No, the government buying its own debt is a very famous accounting trick designed to create more money in the economy. This act is the basis of the fractional reserve system, which in turn is the basis of all modern money.
The Federal Reserve bank buys bonds from bondholders (either newly issued bonds from the government or bonds from my safe deposit box). And in return it puts money in a bank account. Where does the money come from? It is just numbers in a database. The Fed just edits the database. Only the central government, which controls the currency, has the power to create money out of thin air in this way, but that power is very important.
(In other times, when the economy is really hot and inflation is soaring and we need to cool down, the Fed does the opposite: It raises interest rates, which causes people to want to buy bonds to get more interest, which causes people to spend their cash for those bonds. And, as each bond is bought, the Fed just erases the cash from bank accounts. The money vanishes! Remember, money is just a score in a game, the game of "keeping the economy working so that people can eat". It's not made of metal or anything. That was the old way, the way that didn't work.)
You can't get the same effect by selling bonds to England, because then England will pay for the bonds in dollars, and England can't create dollars. They have to buy dollars with pounds. So the total supply of dollars in the world would remain constant, which is not the point of this exercise.
(Now if I really understood econ we could go on to talk about why this little exercise might not work this time, about the "liquidity trap" and the "zero lower bound". But my time is up.)
This could also reflect a lack of faith in other governments rather than faith in the US government. If assorted European debt became 10x more risky but US debt only became 5x more risky, that would cause a flight into US debt.

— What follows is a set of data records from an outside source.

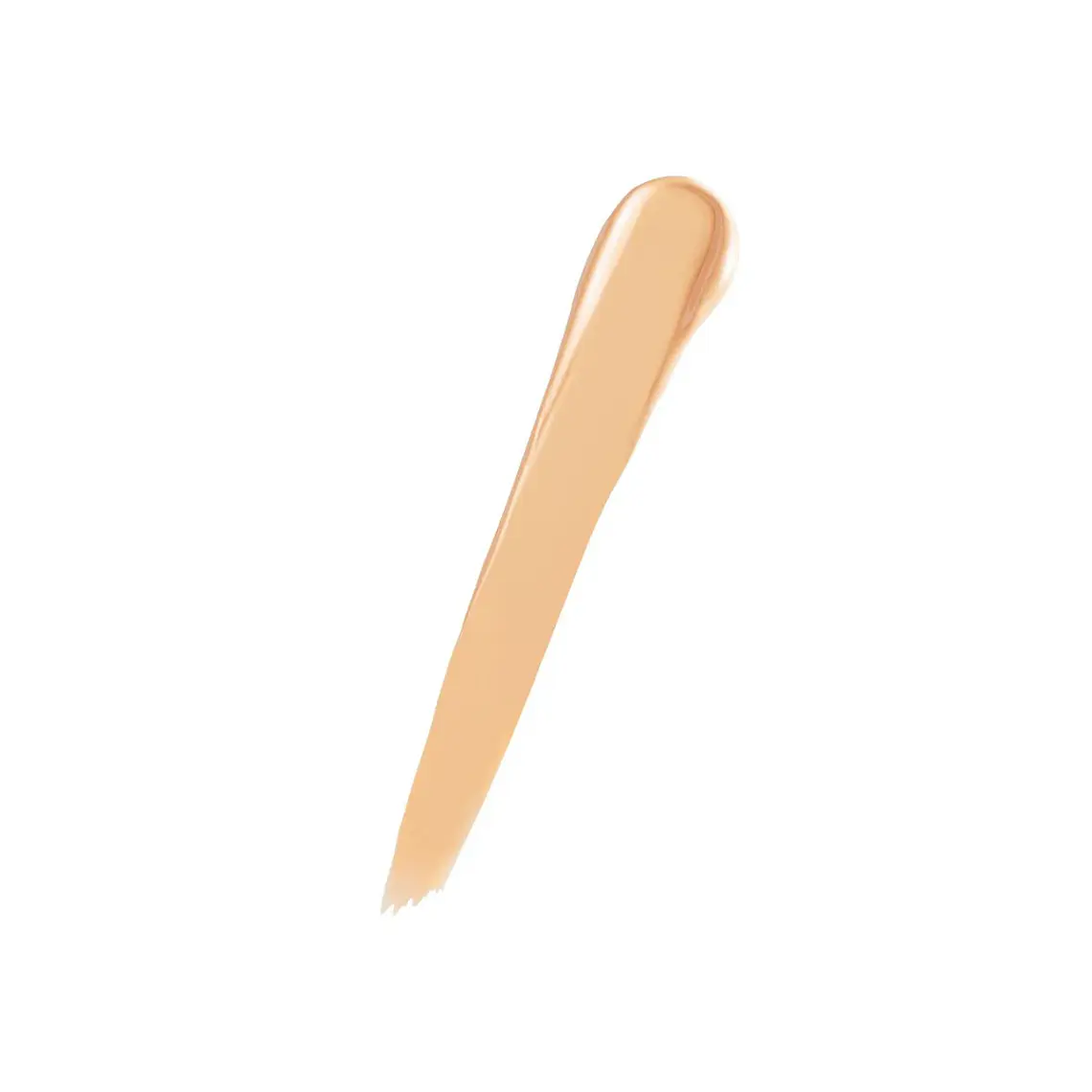 Corrector Liquido Multiuso Eraser Sand 07 6.8 ML - MAYBELLINE 3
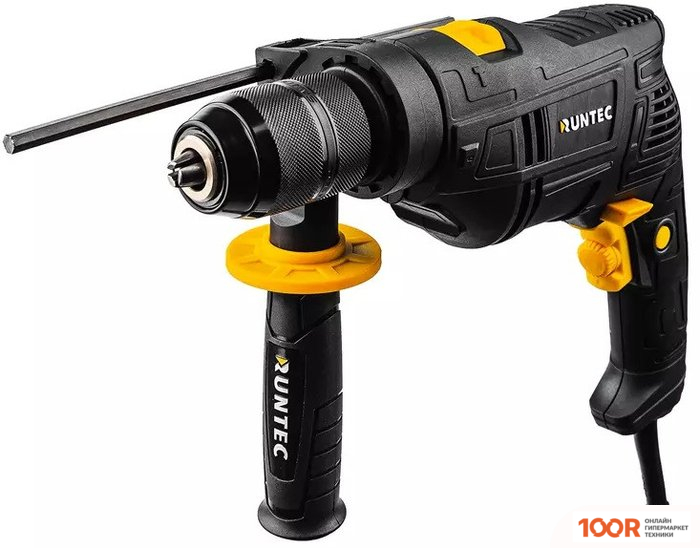 Runtec RT-IDS650 (407186)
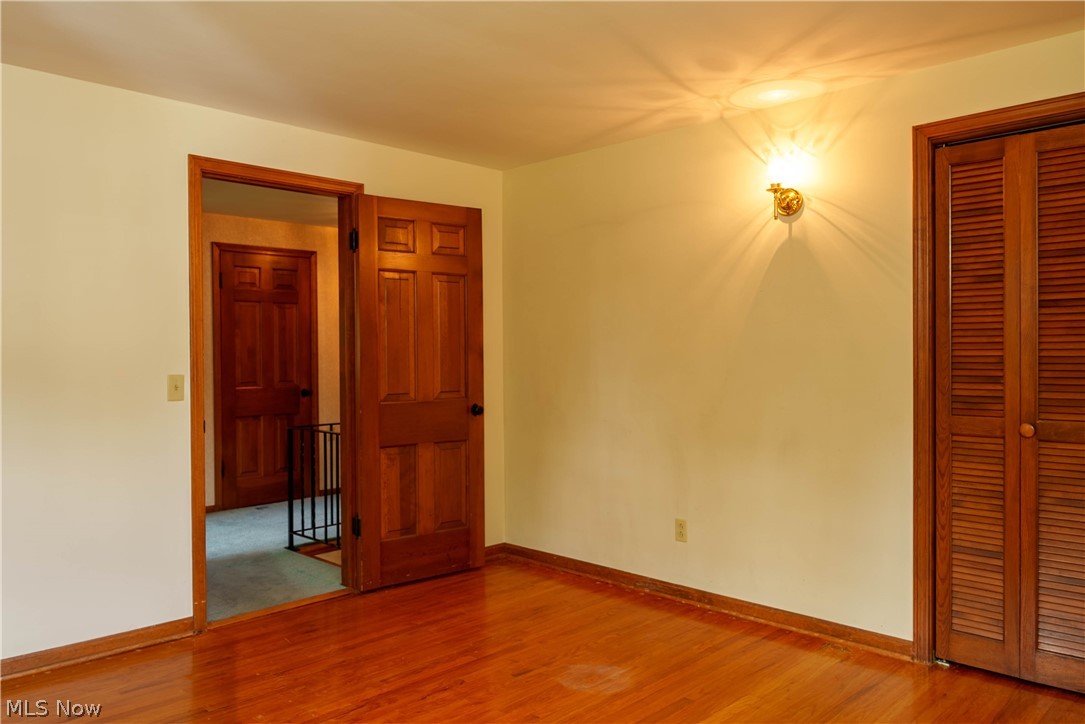 Dunkeith Hills - Residential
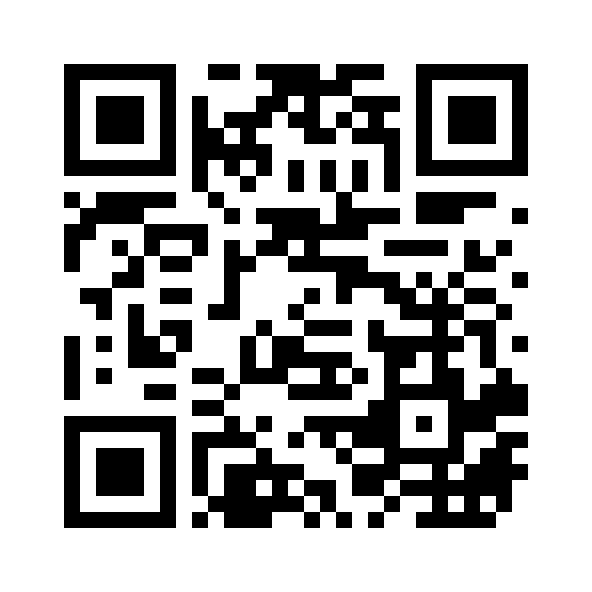 QR-kode til Margrethe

Interest rates reflect relative opportunities, not absolute value.
The fact that the US is seen as a better investment than, say, China, does not tell you that the US is a good investment.
> "zero lower bound".
0 is not a lower bound for interest rates. You can loan someone $100 today in return for $90 in ten years.
If you're trying to get folks to do something with the money that they borrowed, there are other levers. Or, you could just loan it to different people.
By the way, this is not just my opinion. Conservative economist Tyler Cowen (who teaches at GMU) also thinks that a little inflation would be helpful: http://www.nytimes.com/2009/08/02/business/economy/02view.ht...
If the money is coming from mortgage investments, I don't believe this action is actually increasing the money supply. Knowing the complexities of the Fed, though, I could certainly be wrong.
On a side note, man, there's alot of sheeples on this board. Do you all like get up early in the morning to go to work and get robbed?